Die Dialog-Szenen zwischen Cas und jeder anderen einzelnen Figur in diesen letzten Episoden sind mehr wert als ein Krieg der Welten mit Special Effects. Supernatural hat schon immer aus der Budget-Not eine Tugend gemacht und auf epische Bilder verzichtet; stattdessen inszenierte die Serie die „epische“ Zerrissenheit ihrer Figuren, das epische Spiel zwischen Liebe, Verrat und Vertrauen. In “Let it Bleed” fließt das Blut, aber und vor allem im metaphorischen Sinne. Es ist die Episode der blutenden Herzen – von Dean und Castiel.

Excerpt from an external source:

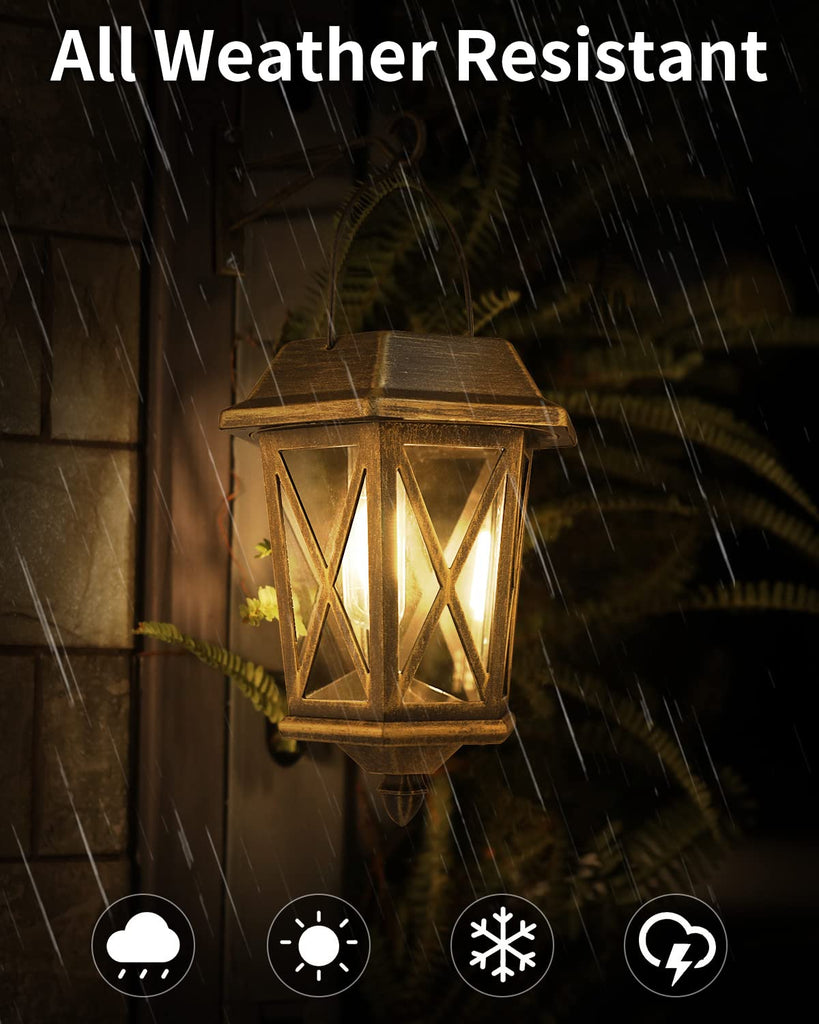 Solar Lantern Outdoor Waterproof, Metal Solar Lights Outdoor with Clear Glass, LED Solar Powered Lights Wall Mount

Crowley und Castiel suchen nach wie vor die Tür zum Purgatorium. Der Schlüssel zum Erfolg führt zurück in das Jahr 1937, als ein Schriftsteller namens H.P. Lovecraft starb. Inwieweit sich die Supernatural-Autoren an historische Fakten halten oder sich alles zurechtgedichtet haben, ist eine Sache, aber die Lovecraft-Story bietet möglicherweise den einzigen funktionierenden Ausweg aus der Klemme, in die man sich mit der Purgatorium-Story manövriert hatte. Der Cthulhu-Mythos, über den Lovecraft schrieb, ist viel tiefer und erschreckender, als man sich nach dem Zuschauen des Finales vorstellen mag – doch das Ding, das durch Lovecraft & Co. in unsere Welt kam, ist interessanterweise nicht wirklich böse. Es schlief sogar mit Bobby Singer! Ja, es ist Ell, die Dean in Like a Virgin das Schwert gab… und ja, es ist ein bisschen weit hergeholt, aber es treibt die Handlung voran.
Wie Ell in Let it Bleed zu Bobby sagt, gefällt es ihr auf der Erde, aber jetzt schwebt sie in Gefahr: Crowley und Cas suchen nach ihr, um die Pforte zum anderen Ort wieder öffnen zu können. Um Dean außer Gefecht zu setzen, lässt Crowley Lisa und Ben entführen. Wenn es um Macht geht, ist Verrat gefordert – auf jeder Seite. Ausgerechnet von Balthazar holt sich der verzweifelte Dean Hilfe, der anscheinend erst jetzt, durch Dean, den kompletten Plan seines Freundes Castiel durchschaut und ihn nicht nur als zu gefährlich einstuft, sondern auch Castiels Geheimnistuerei nicht mag: I’m officially on your team, you bastards!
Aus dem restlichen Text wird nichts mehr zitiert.